▶ **LISTED RECORDS**
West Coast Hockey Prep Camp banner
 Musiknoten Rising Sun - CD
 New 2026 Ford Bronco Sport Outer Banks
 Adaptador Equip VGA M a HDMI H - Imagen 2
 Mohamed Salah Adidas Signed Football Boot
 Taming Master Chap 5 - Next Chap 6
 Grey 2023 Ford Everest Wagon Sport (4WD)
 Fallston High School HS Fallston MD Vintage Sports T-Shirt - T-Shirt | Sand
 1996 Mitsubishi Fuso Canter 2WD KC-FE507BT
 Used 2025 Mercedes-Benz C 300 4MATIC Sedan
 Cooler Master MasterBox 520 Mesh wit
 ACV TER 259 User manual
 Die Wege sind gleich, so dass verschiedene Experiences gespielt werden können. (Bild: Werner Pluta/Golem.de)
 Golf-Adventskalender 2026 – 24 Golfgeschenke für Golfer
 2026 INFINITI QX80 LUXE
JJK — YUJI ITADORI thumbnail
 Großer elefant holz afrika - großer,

▶ **TASK TO COMPLETE**
Line by line, the listing above is to be transcribed exactly.

▶ **RESULT OF THE TASK**
West Coast Hockey Prep Camp banner
 Musiknoten Rising Sun - CD
 New 2026 Ford Bronco Sport Outer Banks
 Adaptador Equip VGA M a HDMI H - Imagen 2
 Mohamed Salah Adidas Signed Football Boot
 Taming Master Chap 5 - Next Chap 6
 Grey 2023 Ford Everest Wagon Sport (4WD)
 Fallston High School HS Fallston MD Vintage Sports T-Shirt - T-Shirt | Sand
 1996 Mitsubishi Fuso Canter 2WD KC-FE507BT
 Used 2025 Mercedes-Benz C 300 4MATIC Sedan
 Cooler Master MasterBox 520 Mesh wit
 ACV TER 259 User manual
 Die Wege sind gleich, so dass verschiedene Experiences gespielt werden können. (Bild: Werner Pluta/Golem.de)
 Golf-Adventskalender 2026 – 24 Golfgeschenke für Golfer
 2026 INFINITI QX80 LUXE
JJK — YUJI ITADORI thumbnail
 Großer elefant holz afrika - großer,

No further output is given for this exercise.